The paper proposes a novel approach to approximate $Q$-functions for hybrid systems within MPC, reducing reliance on terminal costs and improving control performance.

Findings

Successfully learned $Q$-approximations for high-dimensional hybrid systems

Achieved comparable or better control performance than Hybrid MPC

Reduced computation time compared to traditional Hybrid MPC

Abstract

The main challenge in controlling hybrid systems arises from having to consider an exponential number of sequences of future modes to make good long-term decisions. Model predictive control (MPC) computes a control action through a finite-horizon optimisation problem. A key ingredient in this problem is a terminal cost, to account for the system's evolution beyond the chosen horizon. A good terminal cost can reduce the horizon length required for good control action and is often tuned empirically by observing performance.
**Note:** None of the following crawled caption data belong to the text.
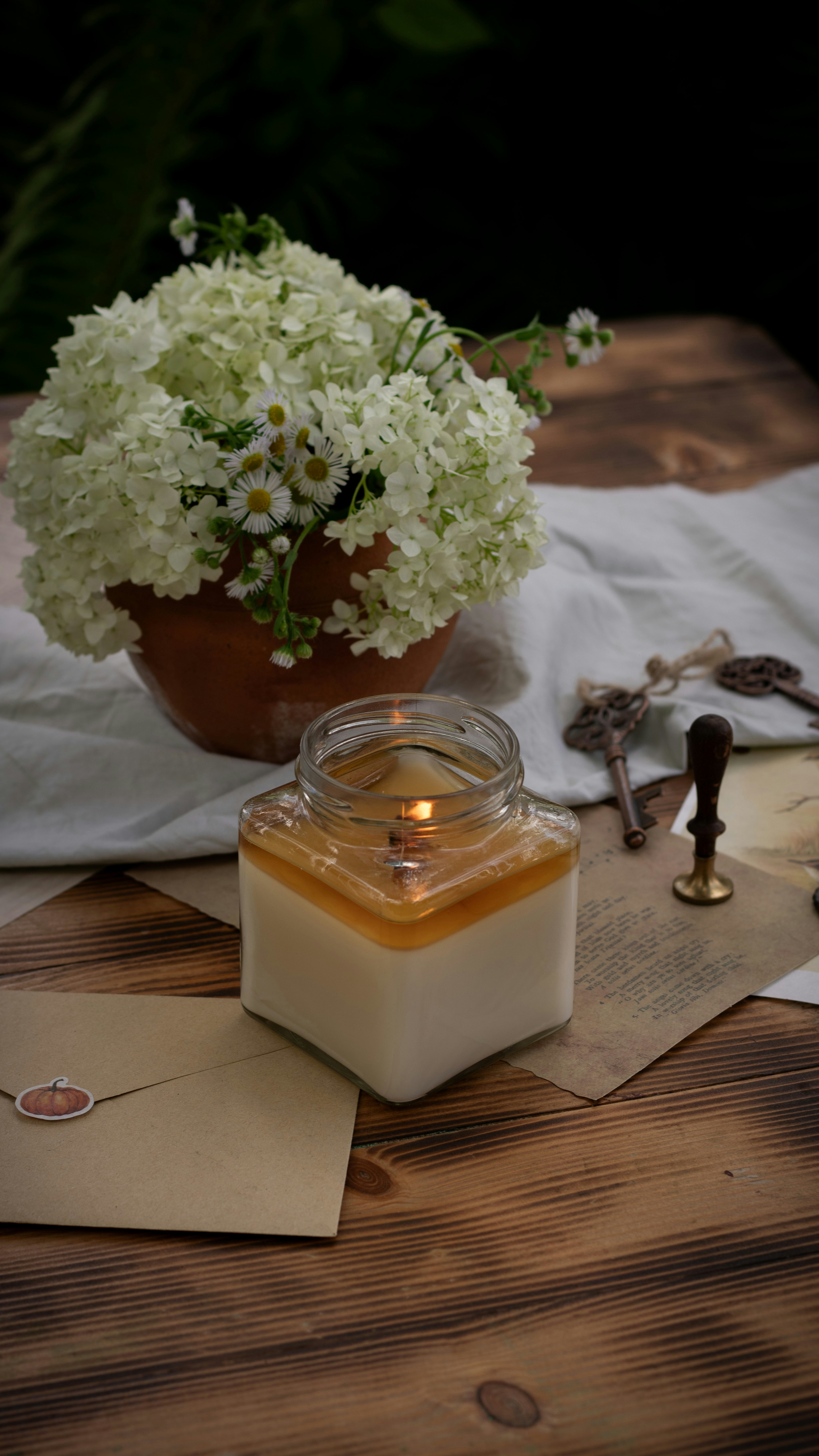A vase of white flowers sitting on top of a wooden table photo – Free ...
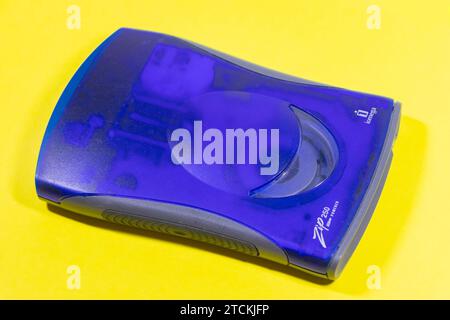 Close-up of a blue Iomega Zip 250 external floppy drive on a bright yellow background. Stock Photo
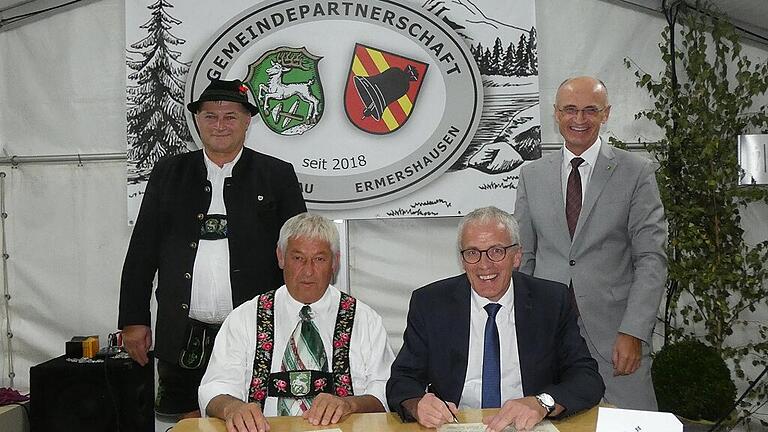 Die Bürgermeister (vorne von links) Michael Gansler und Günter Pfeiffer unterzeichneten im Beisein der Landräte (stehend von links) Anton Speer und Wilhelm Schneider die offizielle Urkunde zur Gemeindepartnerschaft zwischen Ermershausen und Unterammergau.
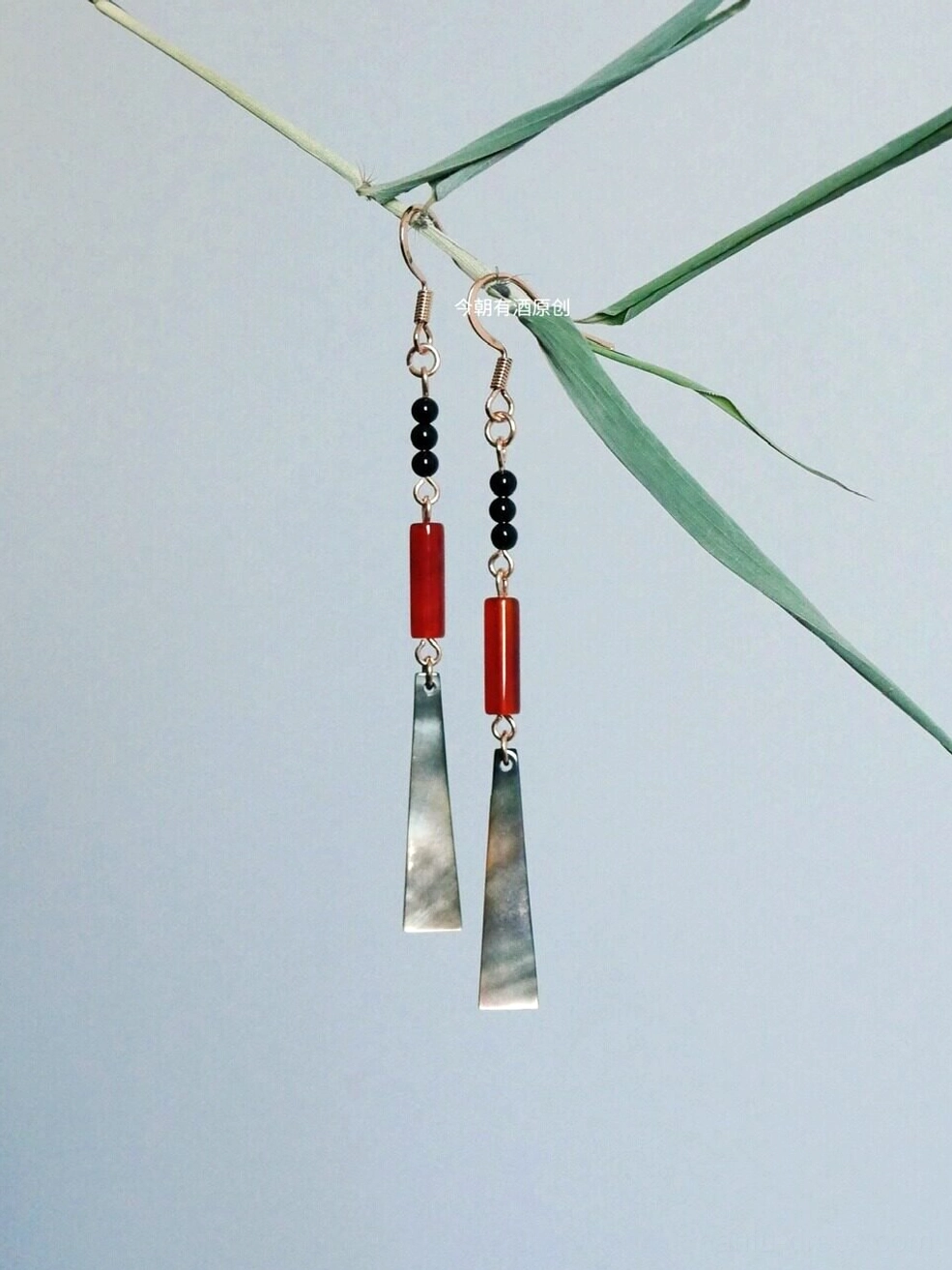 Ruby red shell drop Chinese earrings with black beads and gold hooks displayed beside green bamboo branches for Hanfu jewelry styling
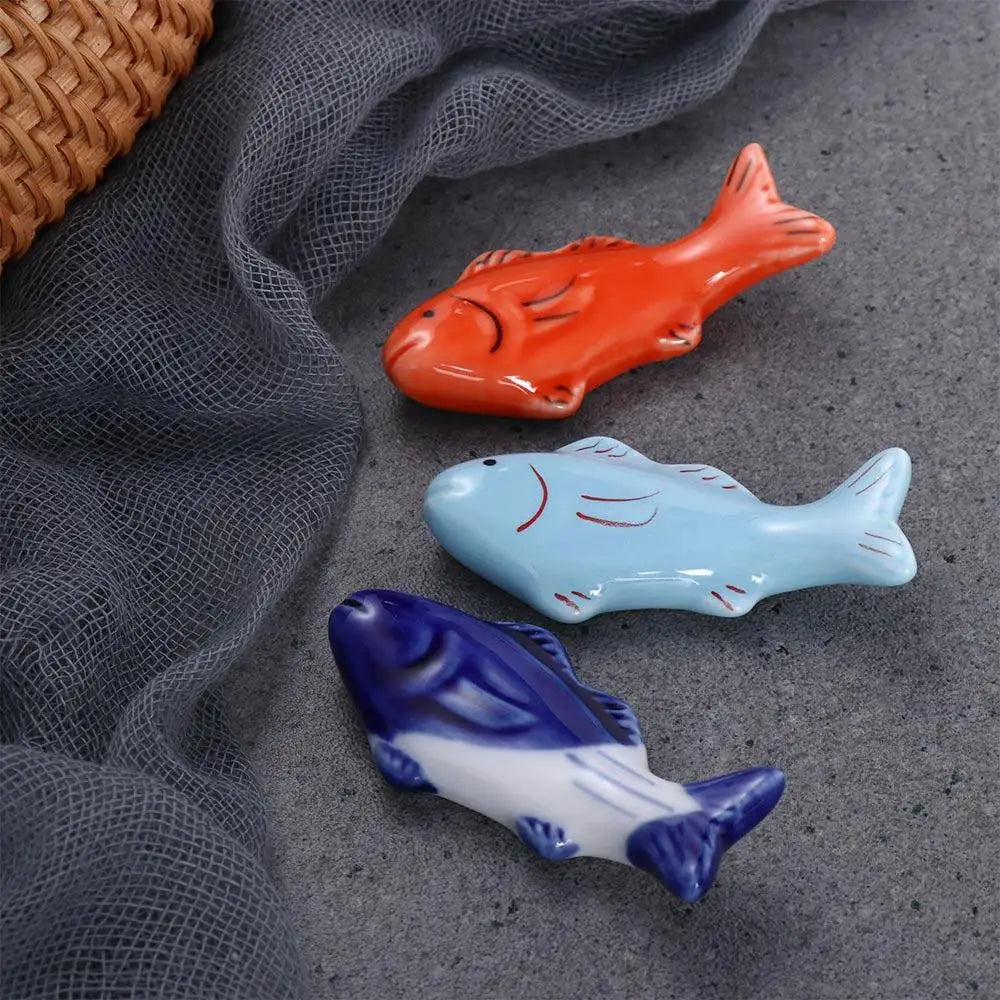 Three ceramic fish kawaii chopstick holders in orange, blue, and purple on a textured surface.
We build on the idea of using $N$-step $Q$-functions $(\mathcal{Q}^{(N)})$ in the MPC objective to avoid having to choose a terminal cost. We present a formulation incorporating the system dynamics and constraints to approximate the optimal $\mathcal{Q}^{(N)}$-function and algorithms to train the approximation parameters through an exploration of the state space. We test the control policy derived from the trained approximations on two benchmark problems through simulations and observe that our algorithms are able to learn good $\mathcal{Q}^{(N)}$-approximations for high dimensional hybrid systems based on a relatively small dataset. Finally, we compare our controller's performance against that of Hybrid MPC in terms of computation time and closed-loop cost.